When writing controls I need a way to score their importance as not all controls have the same impact on performance indexing and security

[willeybryan]

Acceptance Criteria

• Rules data model needs a quantitative attributes we can use in risk management calculations and an performance index
  - Rules should have a value for their Relevance, Significance, and Logical conditions
• Values should be able to be set by the developer writing the rules (UI to set this in the future)
  - Should follow the format to turn Qualitative rules into Quantitative ones from this software https://evaluator.severski.net/articles/usage.html#encode-the-data
• Set all rules to be equal by default so we can change them later as we gain more information
  - The Rules weighting system should be compatible with the Thomas Scoring System https://exploringpossibilityspace.blogspot.com/2014/02/thomas-scoring-system.html

Notes
"The Logical Condition is any set of logical relations among metric conditions that, when TRUE, mean that this condition provides some evidentiary support for that particular index value (a.k.a. score value).
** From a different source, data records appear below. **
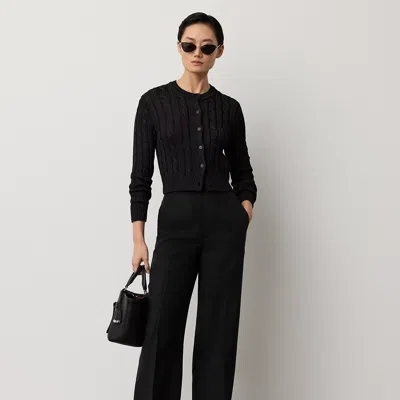 Ralph Lauren Cable-knit Silk Cropped Cardigan In Black
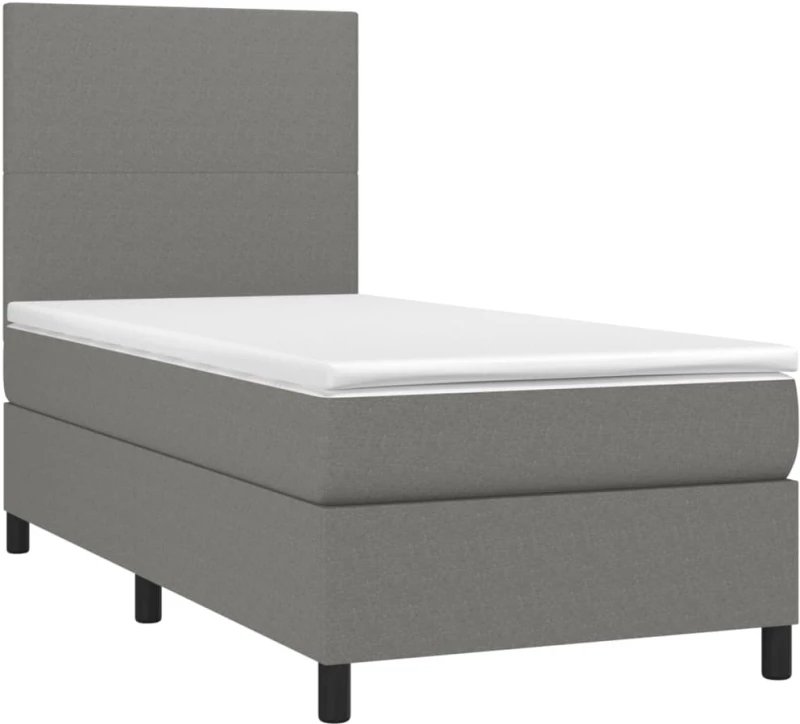 ΚΡΕΒΑΤΙ BOXSPRING ΜΕ ΣΤΡΩΜΑ ΣΚΟΥΡΟ ΓΚΡΙ 90X190 ΕΚ. ΥΦΑΣΜΑΤΙΝΟ 3141578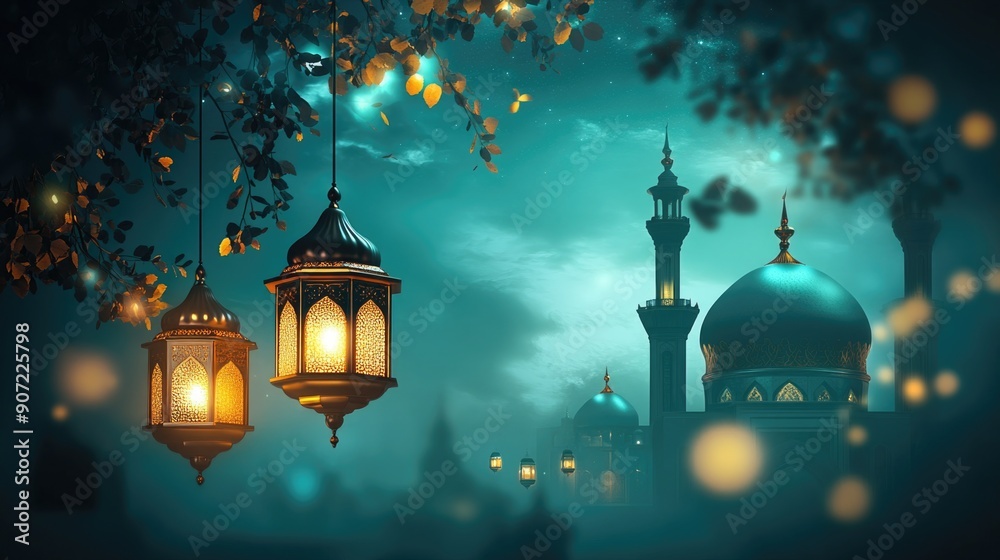 ramadan Kareem background illustration. Ramadan Kareem background with mosque and lanterns. ramadan Kareem background illustration. Ramadan Kareem background with mosque and lanterns.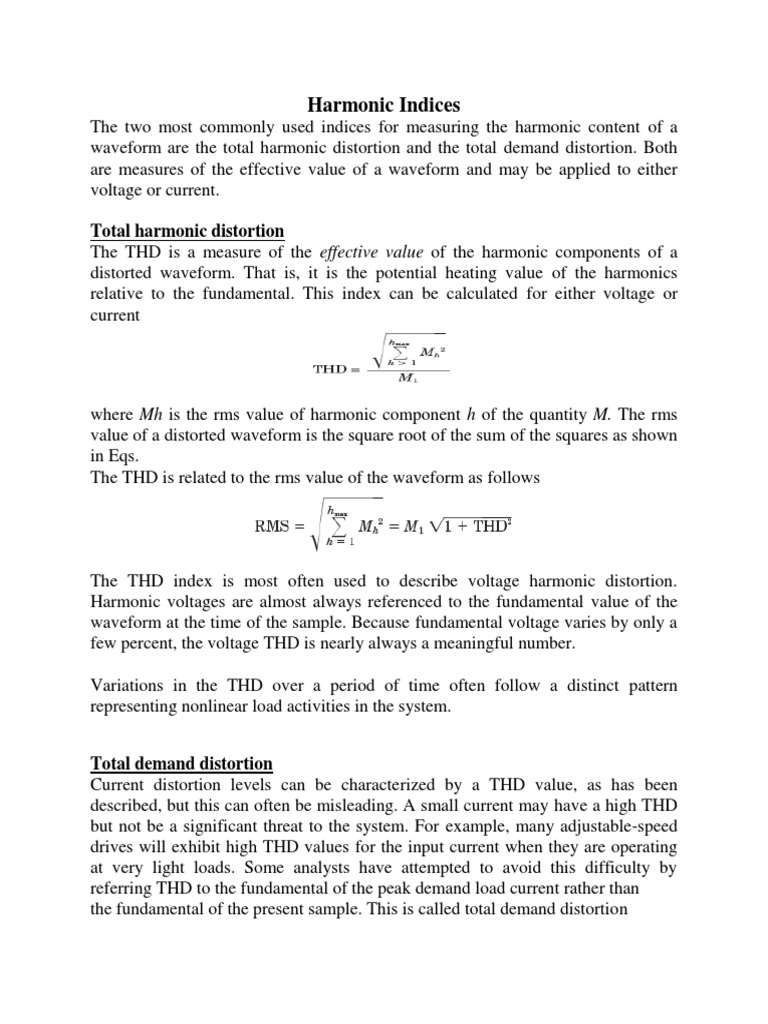 Harmonic Indices | PDF | Distortion | Root Mean Square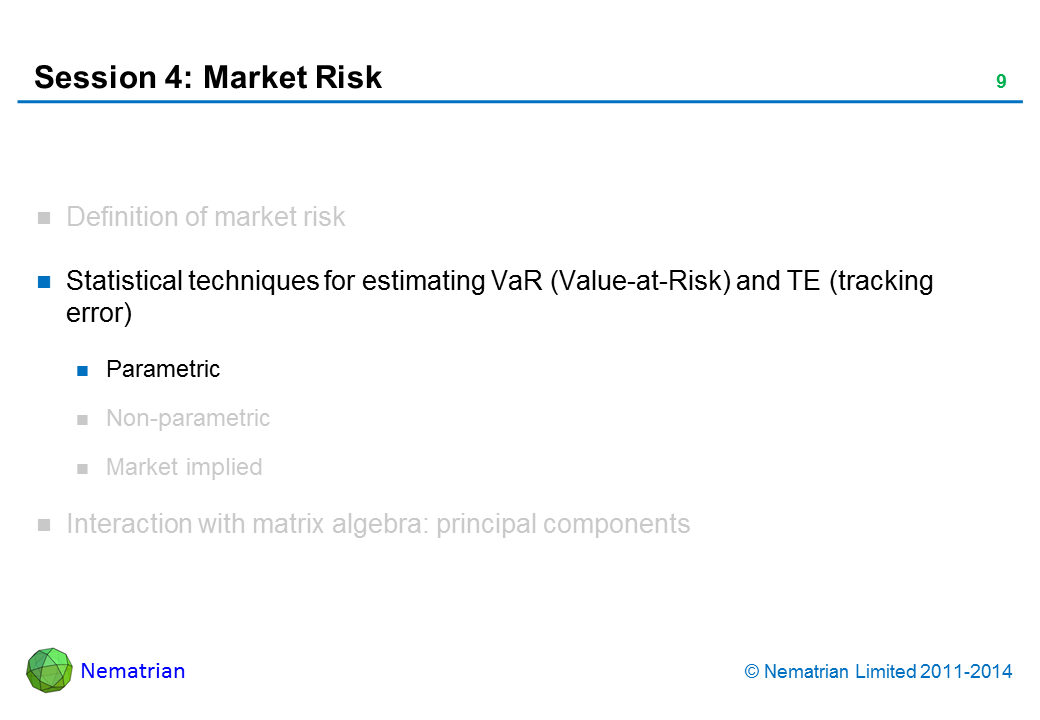 Bullet points include: Statistical techniques for estimating VaR (Value-at-Risk) and TE (tracking error). Parametric.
Relevance is a number, or a function that returns a number, on some standard scale of relevance. In the demo below, the relevance scale is -1 to +1, with '+1' meaning fully relevant with positive implications, '-1' meaning fully relevant with negative implications, and '0' meaning not relevant. Significance is the conditional weighting factor, given that both the logical condition are true and relevance is not zero."

Why?
- Professionals consuming the output of the tool need to be able to easily compare the amount of risk a release exposes them too in cases where not all controls are met. To do this we need to assign values to the rules which we can them bubble up into a performance index.